## Raw data
□ □ □ □ □ □ □

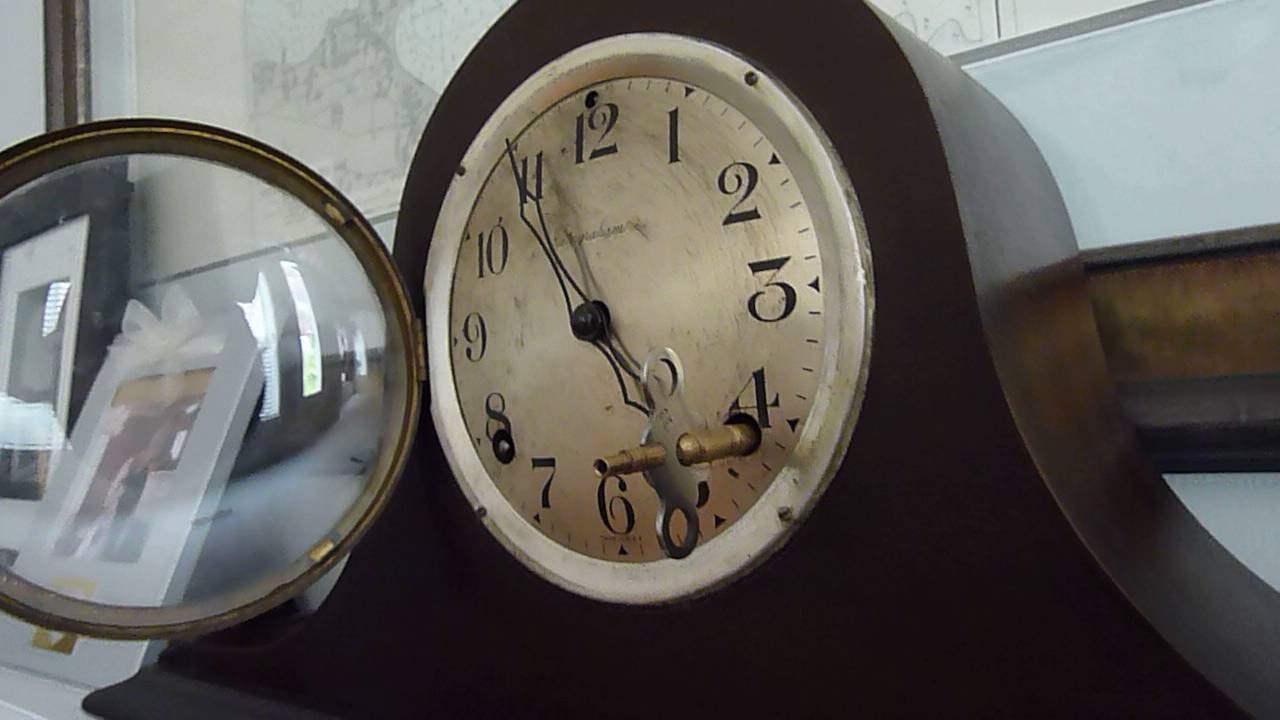 Winding My Mantle Clock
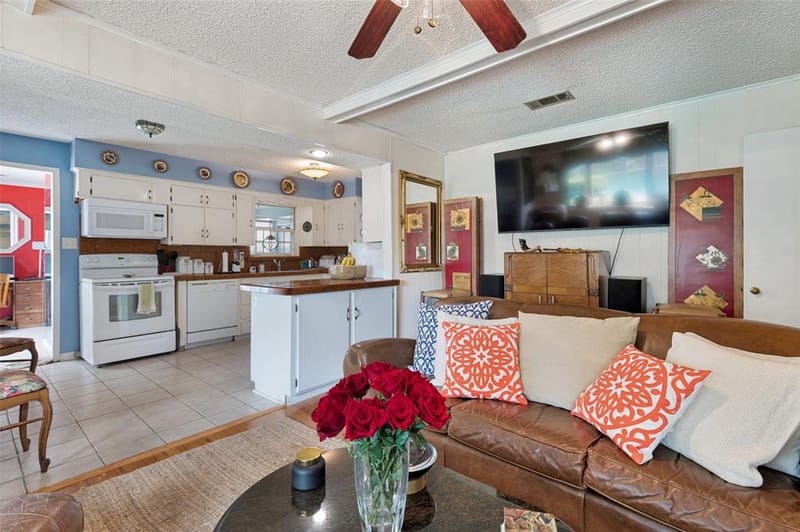 112 W Ireland Drive, Irving TX 75062 - Photo 8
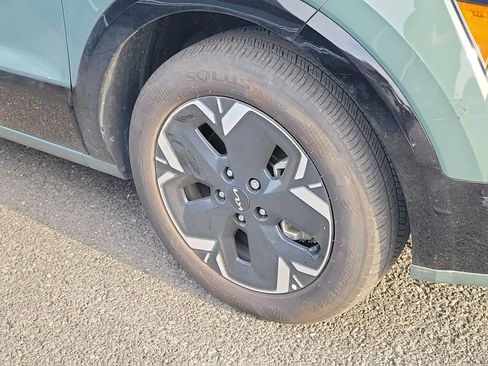 Used 2025 Kia Niro Wind image 4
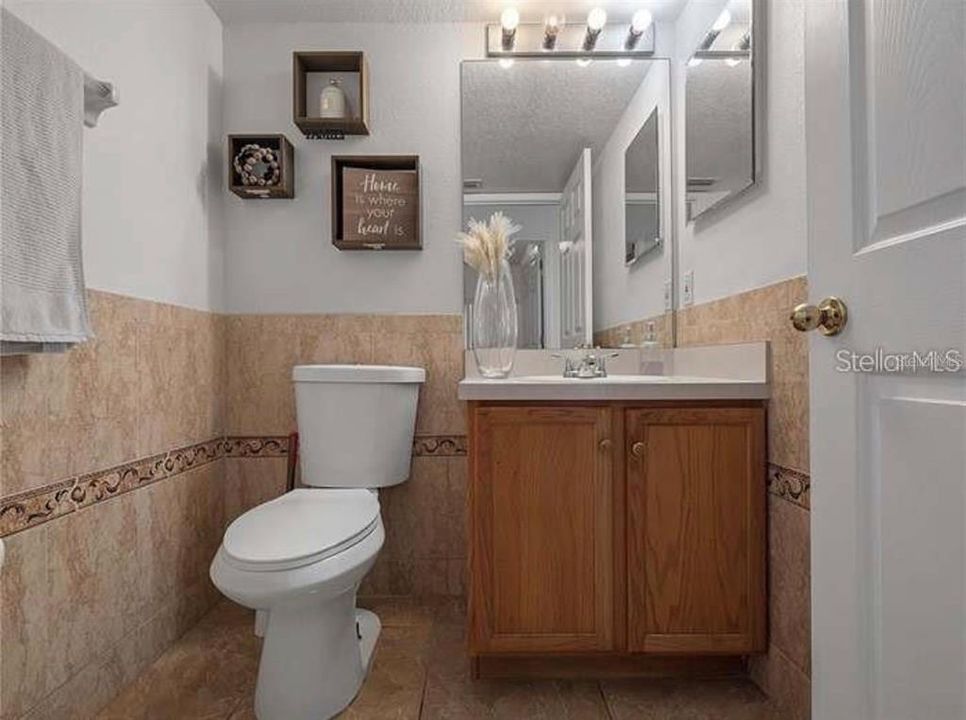 Activo con contrato: $2,800 (4 camas, 2 baños, 2778 Pies cuadrados)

□ □ □ □ □ □ □

## Task directions
Exactly the lines from the line with "112 W Ireland" through the last line of the listing, both included, should be extracted, and the pictures left behind.

## Output
 112 W Ireland Drive, Irving TX 75062 - Photo 8
 Used 2025 Kia Niro Wind image 4
 Activo con contrato: $2,800 (4 camas, 2 baños, 2778 Pies cuadrados)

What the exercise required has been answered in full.